Records for processing:
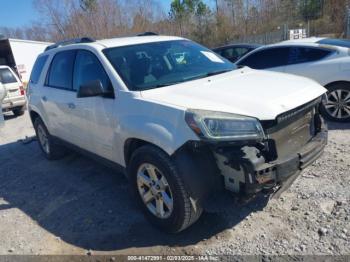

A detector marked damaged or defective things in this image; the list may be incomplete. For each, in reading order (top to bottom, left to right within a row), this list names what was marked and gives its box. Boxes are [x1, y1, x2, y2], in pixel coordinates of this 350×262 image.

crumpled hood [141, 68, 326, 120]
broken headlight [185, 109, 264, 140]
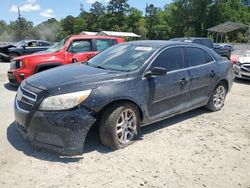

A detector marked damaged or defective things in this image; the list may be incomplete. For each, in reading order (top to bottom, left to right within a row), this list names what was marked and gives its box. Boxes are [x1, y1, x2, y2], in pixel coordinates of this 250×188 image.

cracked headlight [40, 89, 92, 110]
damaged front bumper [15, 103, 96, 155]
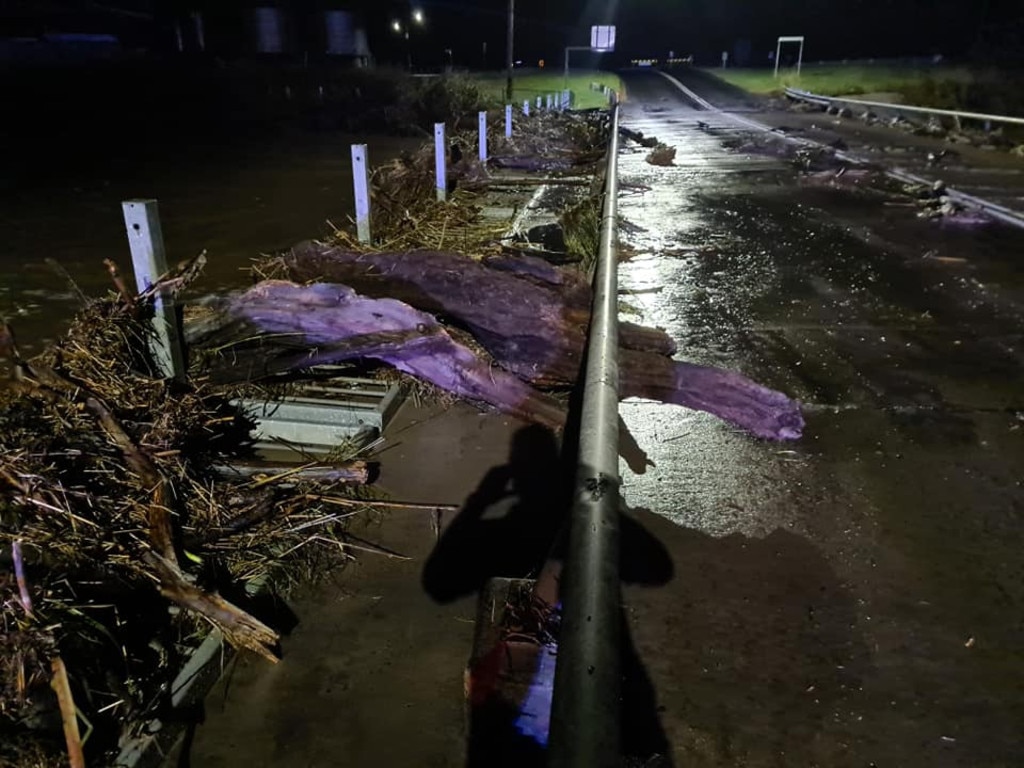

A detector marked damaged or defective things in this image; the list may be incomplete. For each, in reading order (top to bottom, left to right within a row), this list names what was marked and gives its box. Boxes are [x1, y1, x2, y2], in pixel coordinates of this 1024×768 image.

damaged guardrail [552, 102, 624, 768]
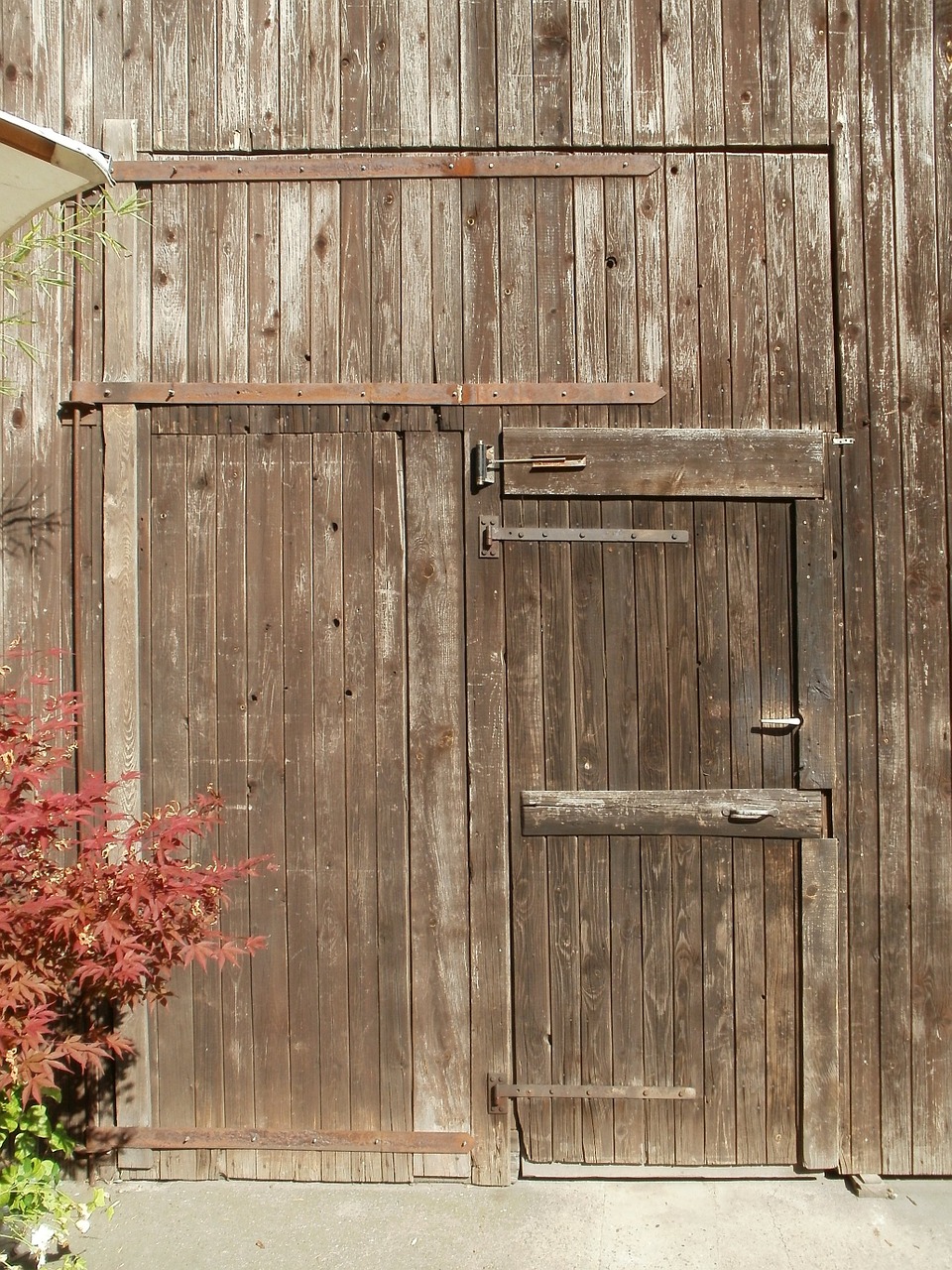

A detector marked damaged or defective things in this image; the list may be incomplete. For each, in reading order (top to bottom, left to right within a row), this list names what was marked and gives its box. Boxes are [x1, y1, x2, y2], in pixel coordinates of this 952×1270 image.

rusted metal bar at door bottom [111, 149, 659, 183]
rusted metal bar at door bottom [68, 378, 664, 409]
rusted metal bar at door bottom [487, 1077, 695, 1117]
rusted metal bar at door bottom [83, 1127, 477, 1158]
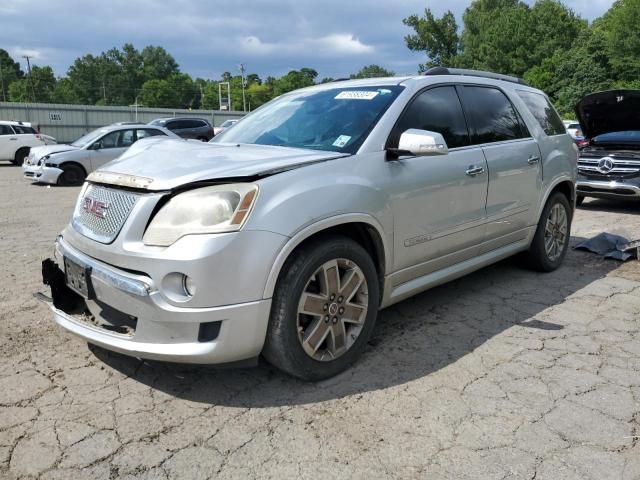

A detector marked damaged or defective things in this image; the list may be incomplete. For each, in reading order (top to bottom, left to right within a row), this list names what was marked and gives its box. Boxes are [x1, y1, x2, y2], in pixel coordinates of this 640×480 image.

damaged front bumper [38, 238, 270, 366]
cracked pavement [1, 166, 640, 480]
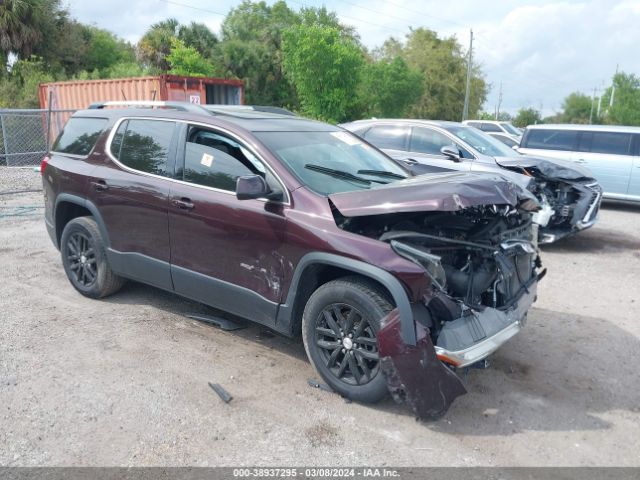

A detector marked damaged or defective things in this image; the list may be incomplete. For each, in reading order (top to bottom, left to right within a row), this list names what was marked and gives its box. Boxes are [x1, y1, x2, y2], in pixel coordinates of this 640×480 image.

What you should do:
Word for word, output the lines from the line bearing "this 952×1270 image." through the end of the records above, and only those, without the pictures.

Exercise response:
A detector marked damaged or defective things in this image; the list may be incomplete. For each, in reading order (top to bottom, left to right within a row), this list names what was marked and gives its box. Boxes are [x1, y1, x2, y2], in pixel coordinates of this 952×1270 image.

rusted metal bar at door bottom [111, 149, 659, 183]
rusted metal bar at door bottom [68, 378, 664, 409]
rusted metal bar at door bottom [487, 1077, 695, 1117]
rusted metal bar at door bottom [83, 1127, 477, 1158]

A detector marked damaged or defective things in this image; the list may be incomplete. For each, in reading order (top to bottom, left to right within a row), this list names what was marked and gives its box. Boxes are [x1, y1, x2, y2], in pixel coordinates of this 640×480 image.

damaged front bumper [38, 238, 270, 366]
cracked pavement [1, 166, 640, 480]

A detector marked damaged or defective things in this image; the list may be incomplete. For each, in reading order (top to bottom, left to right within a row), this list names what was marked and gives its box. Boxes are [x1, y1, x2, y2], in pixel coordinates of this 640×480 image.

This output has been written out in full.